It has typically been reported in liquid/solid interfaces that the changes in the surface charge or applied electric fields induce molecular reorientation and (partial) ordering of interfacial water mlecules28,29,39,40,41. However, this is not necessarily the case in the ice/solid interfaces (Fig. 1d). In this case, marked differences in the SFG signal intensities that reflect the degree of proton ordering were observed (Fig. 1d) despite the qualitatively similar changes in work function (Supplementary Fig. S4), i.e. surface charges42, upon water adsorption on the pristine-, CO-precovered, and O-precovered Pt(111) substrates under no applied external bias voltage (see also Supplementary Section III for details). Therefore, the observed substrate dependence of the SFG signal intensities (Fig. 1d) cannot be primarily attributed to the difference in surface charging conditions.

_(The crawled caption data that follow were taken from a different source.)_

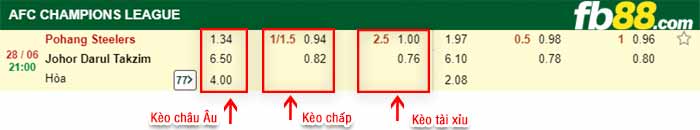 fb88-bảng kèo trận đấu Pohang vs Johor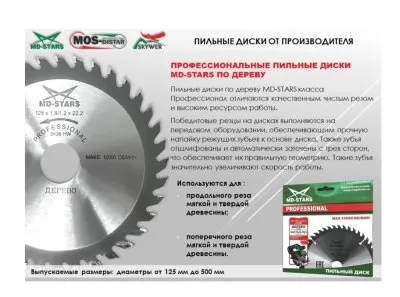 Икона товара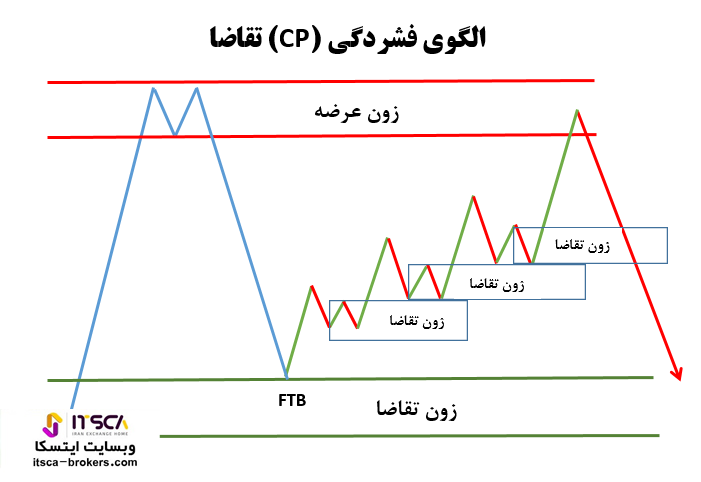 الگوی فشردگی CP در پرایس اکشن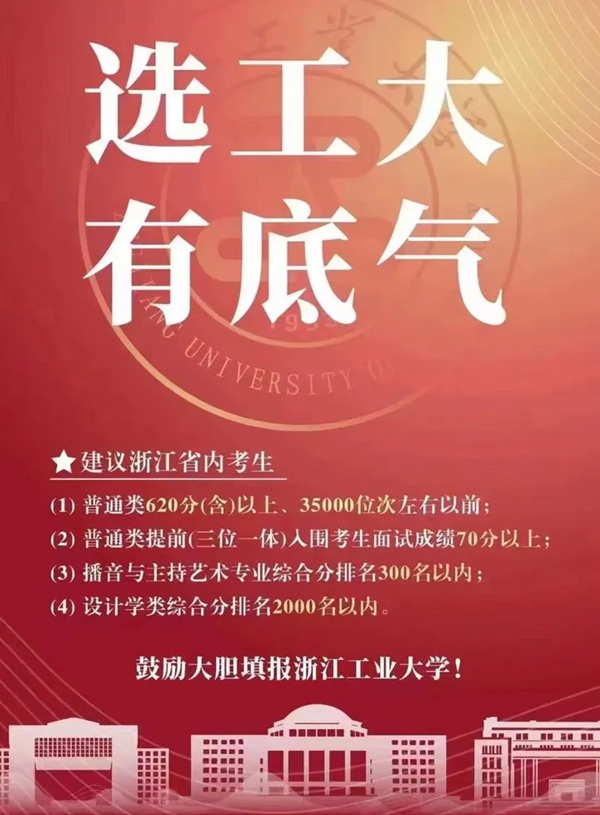 2024浙江高考省內(nèi)外各大學(xué)預(yù)估分?jǐn)?shù)線(xiàn)匯總(含預(yù)估位次和分?jǐn)?shù)線(xiàn))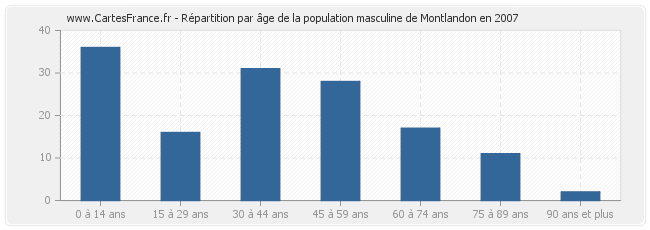 Répartition par âge de la population masculine de Montlandon en 2007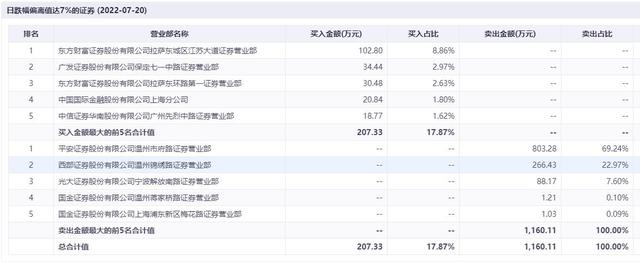 财经猎豹丨五天暴跌40%，苏州这家公司发生了什么？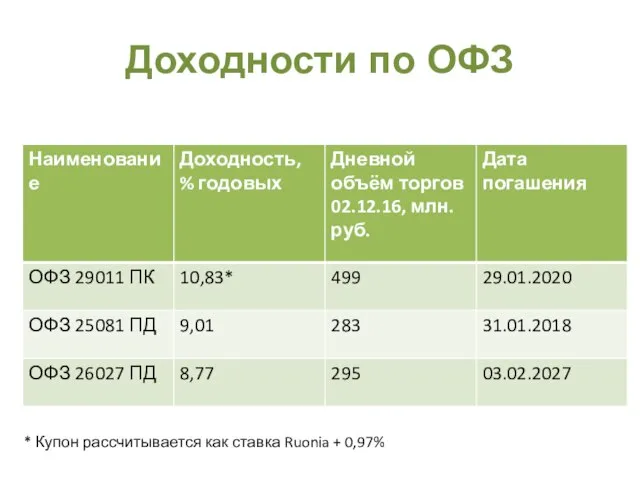 Доходности по ОФЗ * Купон рассчитывается как ставка Ruonia + 0,97%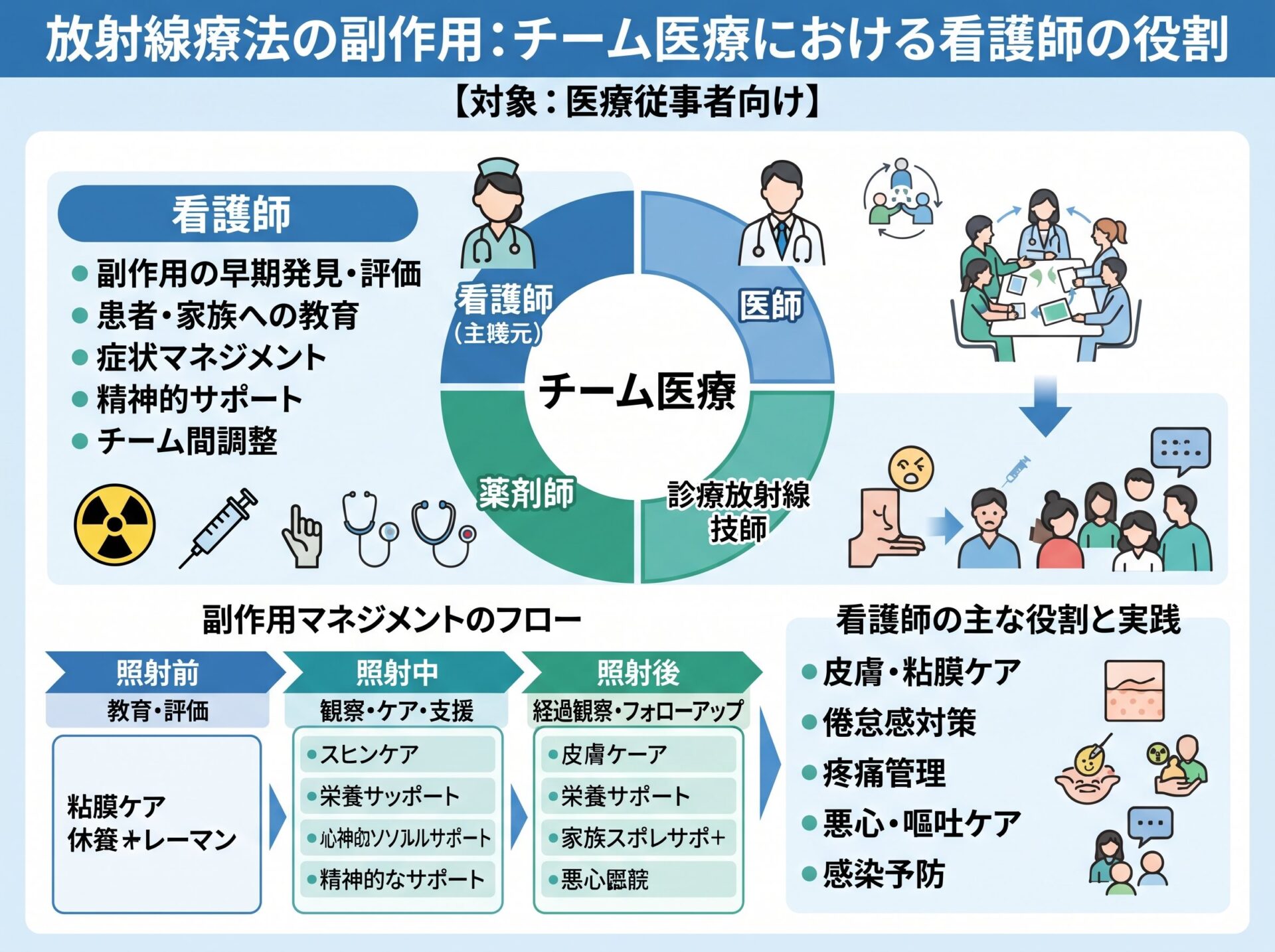 放射線療法の副作用：チーム医療における看護師の役割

The emergence and disappearance of the net proton order become more evident from the thickness dependence of the SFG intensity (Fig. 1e). The extremely small increase for the O-precovered surface indicates that the proton configuration in this ice film is almost completely disordered; a paraelectric ice film is grown on the O-precovered Pt(111). In contrast, the SFG intensity continues to increase with the film thickness on both the CO-precovered and pristine Pt(111) surfaces. The smaller increase rate for the ice films on CO-precovered Pt(111) compared to that of the ice films on pristine Pt(111) (Fig. 1e) clearly indicates that the ice film with smaller degrees of proton ordering continues to grow on the CO-precovered Pt(111) substrate without saturation. Notably, these differences in SFG observation were found under the conditions where no appreciable differences in the ice films on the three substrates were confirmed in the conventional IRAS spectra (Fig. 2, see also Supplementary Section I for details); therefore, the water molecules adsorbed on these substrates form the hexagonal ice lattice with almost the same translational structure and H bonding distance of Roo ~ 2.76 Å, but the degree of orientation order of the molecules, i.e. the configuration order of the sub-lattice protons, is completely different (Fig. 1), as observed by SFG. During growth process of ice film, the orientation of a molecule tends to be propagated to the subsequently adsorbed molecules due to restriction of proton configuration in the hydrogen-bond network under the ice rules21. As a result, net orientational preference of first-layer water molecules at the heterointerface successively propagates from the lower layer to the upper layer, resulting in the growth of proton-ordered ice films on the mesoscopic scale.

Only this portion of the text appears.